Between 1441, the time he became voivode of Transylvania, and 1456, John Hunyadi visited Alba Iulia several times. Examination of the sources shows that during his numerous visits to Transylvania, the city was on the route of his itineraries, even though traces of his presence in Alba Iulia are documented only in two instances. It appears he might have stopped in this city during his trip from Timișoara to Turda in June and July 1441. At the beginning of 1442 he was in Turda and in March he led the military operations against the Ottoman army that was defeated at Sântimbru on 18 March 1442. Next year, in March, he travelled to Mediaș coming from the west, and again, in May and June, his itinerary indicates visits to Cetatea de Baltă and Hunedoara, and again to Mediaș. These trips brought him in the vicinity of the city. He traveled from Timișoara to Turda in May 1444 and, later, in July and August, he issued documents at Sebeș. In 1445, his itinerary indicates that he was in southern Transylvania, namely at Hunedoara and Șura Mare, but Alba Iulia was not on this itinerary.
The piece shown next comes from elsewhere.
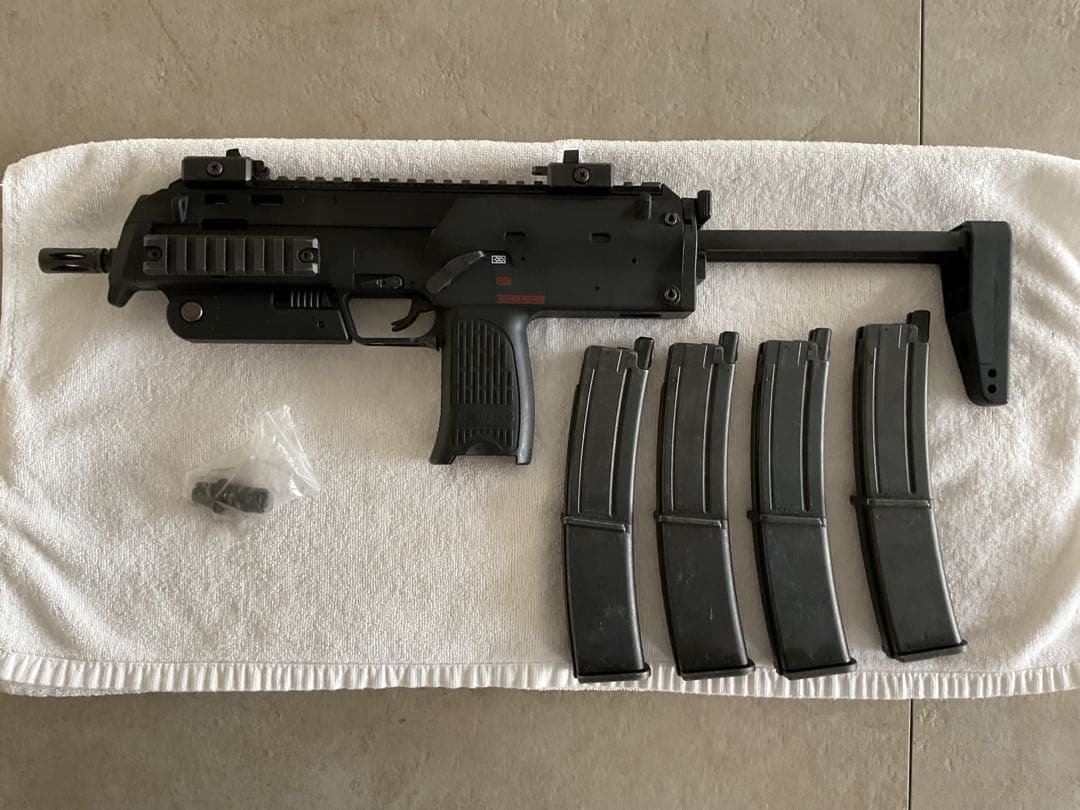東京マルイ MP7A1 ガスブロー 東京マルイ 東京マルイ MP7A1 ガスブローバックガン | あきばお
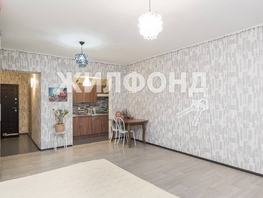 Продается Студия Виктора Шевелева ул, 38  м², 3450000 рублей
However, in 22 July 1446, he issued an important document while visiting the city on the feast of St. Mary Magdalene. The document was a charter which exempted Romanian tenant peasants of the cathedral chapter of Alba Iulia from payment of the sheep fiftieth (quinquagesima ovium) to the nobles of Transylvania, a royal revenue owed by Romanians to the kings, which King Sigismund of Luxemburg had transferred to the nobility.
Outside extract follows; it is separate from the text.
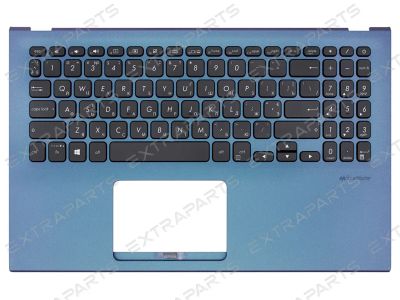 Лот: 21179496. Фото: 1. Топ-панель для Asus VivoBook 15... Клавиатуры для ноутбуков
The next document that John Hunyadi issued at Alba Iulia came only in 1449. He may have returned to Alba Iulia in 1447, when he traveled to Aiud and then to Mediaș. Next year, around 20 February he was in Sebeș, and he returned there several months later, on 31 July 1448. On 25 May 1449, he issued a document in Alba Iulia. After this, we find him in the proximity of the city only in early May 1451. Subsequently, on 13 June 1453 he was at Vințu de Jos and then, on 16 June and from 12 to 14 September he was at Stremț. Sebeș, Vințu de Jos, and Stremț are all located within 20 km from Alba Iulia. In January 1455, John Hunyadi, who since 1453 had been general captain and count of Bistrița, traveled from Timișoara to Bistrița, and then in August and September made the trip back from Bistrița to Marginea. In the fall of 1455, he made a visit which took him from Banat to Cluj and the cities in eastern Transylvania. On 1 January 1456, he was in Teiuș. From this little town, where he had founded a Roman Catholic monastery, he traveled to Timișoara. During this trip he may have seen Alba Iulia for the last time before the victory against the Ottoman forces of Sultan Mehmed II on 22 July 1456 and his subsequent death on 11 August. He was buried according to his wishes in the Roman Catholic cathedral in Alba Iulia next to the grave of his brother, John Jr.
According to written sources, John Hunyadi chose his burial place in 1441 after his younger brother, John Jr., lost his life during a mission in Transylvania and had been buried in the cathedral of Alba Iulia. An official document from 3 January 1442 informs us that Hunyadi ceded three villages – Tinod, Geomal, and Cergău – to the chapter of Alba Iulia because he discovered that their former owner, who had died without heirs, had donated his properties to the church before his death. Despite having received the three villages as a donation from the king, Hunyadi agreed to the request of the chapter to donate them not only because it was justified, but also because his brother was buried in the episcopal cathedral (“pro salute refrigerioque nostre et felicis reminisscentie Egregii Johannis Junior de Hwnyad fratris eiusdem”). He also announced his desire to be buried in the same place. This wish was fulfilled fourteen years later. In 1458, King Mathias Corvinus, the younger son of John Hunyadi, buried the body of his elder brother Ladislas Hunyadi, who had been executed in Buda on 16 March 1457, at the sentence of King Ladislas V the Postumous. Thus, a third member of the Hunyadi family received burial in the Roman Catholic cathedral of Alba Iulia.
Today visitors can see the group of three sarcophagi placed in the southern nave and belonging to John Hunyadi, his brother and his son. Initially, the graves were located in the northern side of the transept. Recent research has found out that the sarcophagi were reconstructed in 1533, by the Bishop of Transylvania, John Statileus, at the request of King John Zápolya (1527-1540). In 1658, during the Ottoman and Tatar sack of the city, the graves were destroyed and were reconstructed from fragments at a later point in time. Recently, scholarly research has suggested that the tombstone on the sarcophagus of John Hunyadi does not display a knight, as would have been proper, but might perhaps be a tombstone of a later prince.(C.P.G.)